O memorando de entendimento, ou MOU, aponta as consequências políticas e econômicas do ataque ocorrido em 28 de fevereiro. O regime iraniano, após a operação militar conjunta dos EUA e Israel, não foi destruído e saiu fortalecido. A estratégia de bloquear o Estreito de Ormuz, que afeta um quinto do fornecimento global de petróleo e gás, forçou os EUA a aceitar concessões que alarmaram críticos do Irã e do governo israelense.

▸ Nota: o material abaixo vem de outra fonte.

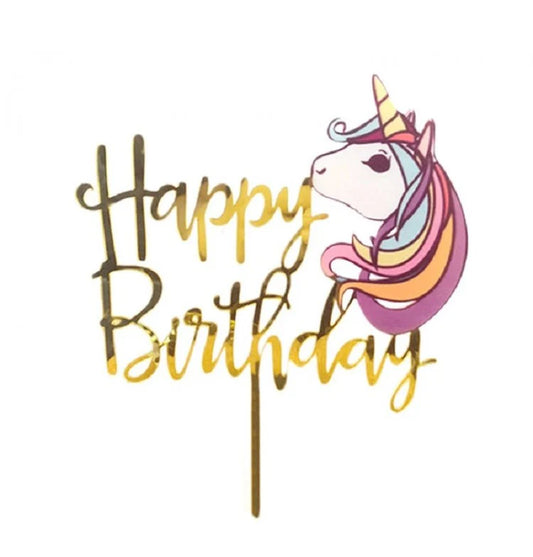 Unicorn Cake Topper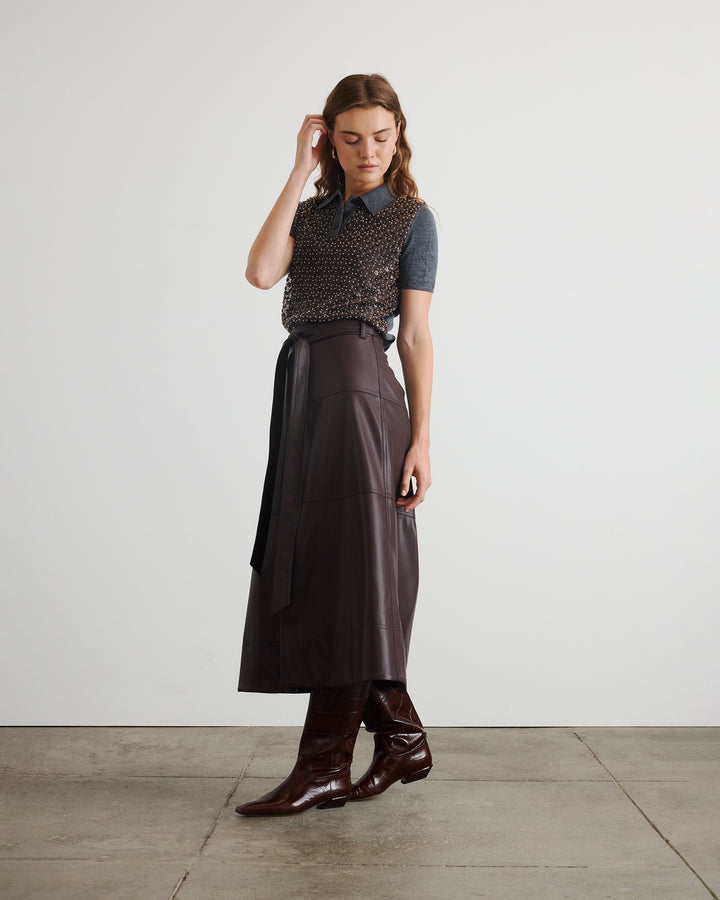 Camilla Knit Top – Tanya Taylor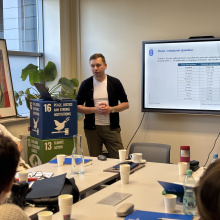 Wizyta studyjna przedstawicieli UJD na UG 19-21 marca 2025 fot. 7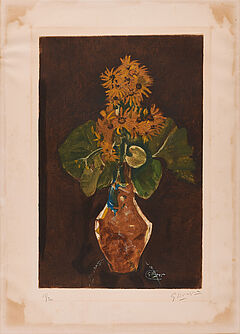 Georges Braque - Les Marguerites, 76010-2, Van Ham Kunstauktionen
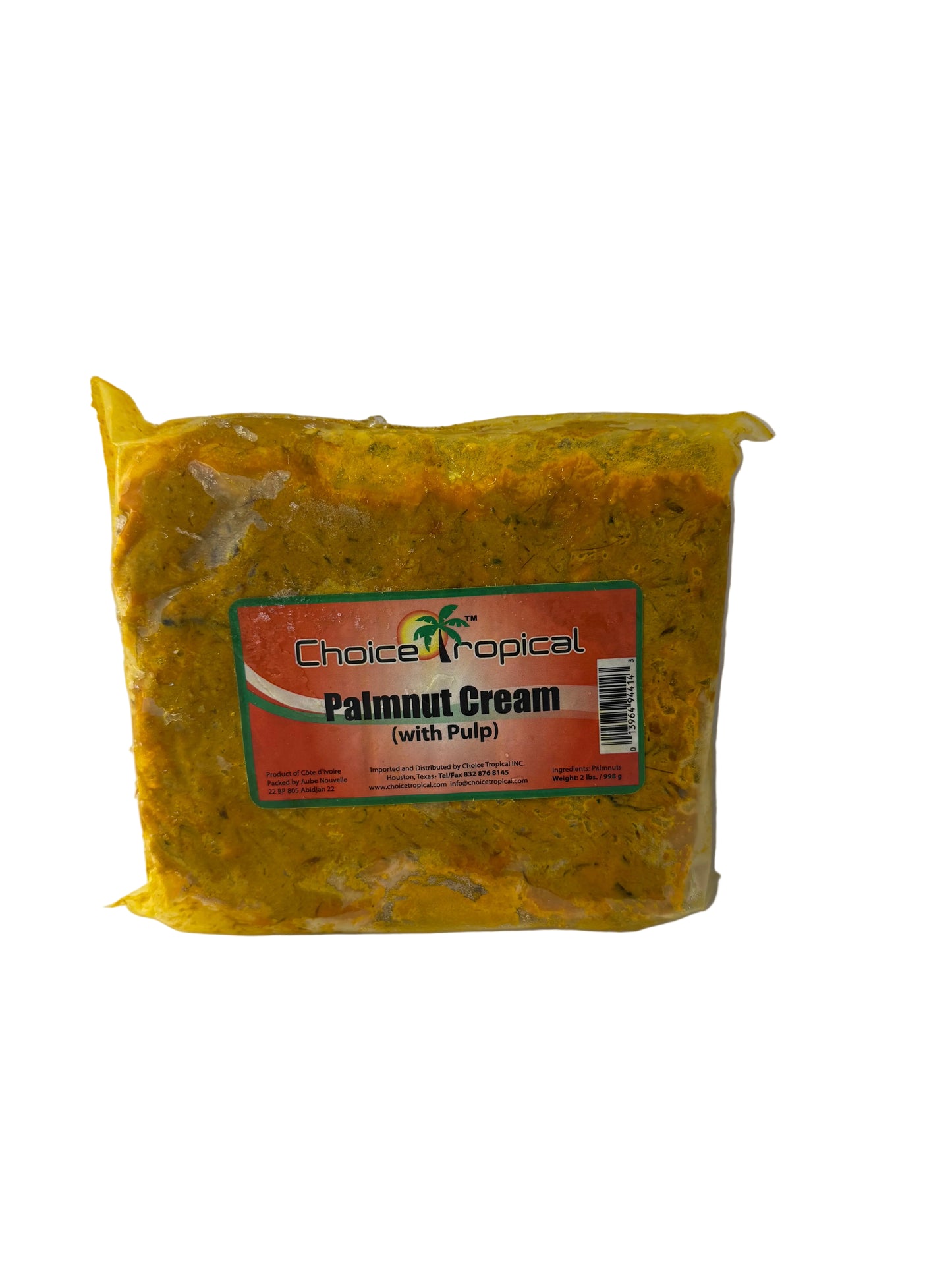 Palmnut  Cream (With Pulp) 998g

O texto prevê o fim da guerra no Líbano, embora Israel declare que essa condição não pode ser atendida, pois mantém a necessidade de liberdade de ação na região. Em contrapartida à reabertura do estreito, os EUA concordarão em suspender o bloqueio aos portos iranianos, flexibilizar sanções para permitir bilhões em exportações de petróleo e iniciar o descongelamento de ativos financeiros do Irã.
A questão do propósito da guerra permanece em aberto. O secretário de Estado dos EUA, Antony Blinken, comentou que o único resultado do cessar-fogo é a provável reabertura do Estreito de Ormuz, que já estava aberto antes do início dos combates. O acordo sinaliza a retomada das negociações nucleares, mas sob novas condições impostas pelo controle do ponto estratégico.